[Python-Dev] subclassing builtin data structures

Ethan Furman ethan at stoneleaf.us
Sat Feb 14 02:12:42 CET 2015


On 02/13/2015 02:31 PM, Serhiy Storchaka wrote:
> On 13.02.15 05:41, Ethan Furman wrote:
>> So there are basically two choices:
>>
>> 1) always use the type of the most-base class when creating new instances
>>
>>     pros:
>>       - easy
>>       - speedy code
>>       - no possible tracebacks on new object instantiation
>>
>>     cons:
>>       - a subclass that needs/wants to maintain itself must override all
>>         methods that create new instances, even if the only change is to
>>         the type of object returned
>>
>> 2) always use the type of self when creating new instances
>>
>>     pros:
>>       - subclasses automatically maintain type
>>       - much less code in the simple cases [1]
>>
>>     cons:
>>       - if constructor signatures change, must override all methods which
>>         create new objects
> 
> And switching to (2) would break existing code which uses subclasses with constructors with different signature (e.g.
> defaultdict).

I don't think defaultdict is a good example -- I don't see any methods on it that return a new dict, default or
otherwise. So if this change happened, defaultdict would have to have its own __add__ and not rely on dict's __add__.
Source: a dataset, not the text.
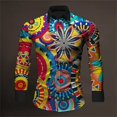 thumbnail image 1 of Camisas de manga larga con estampado de cachemira de la antigua Babilonia con estampado 3D, tótem espiritual hinduista, camisas de oficina con gráficos para hombres, blusas, tops, 1 of 6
> The third choice is to use different specially designed constructor.
> 
> class A(int):
> 
> --> class A(int):
> ...     def __add__(self, other):
> ...         return self.__make_me__(int(self) + int(other))
> 
> ...     def __repr__(self):
> ...         return 'A(%d)' % self

How would this help in the case of defaultdict?  __make_me__ is a class method, but it needs instance info to properly
create a new dict with the same default factory.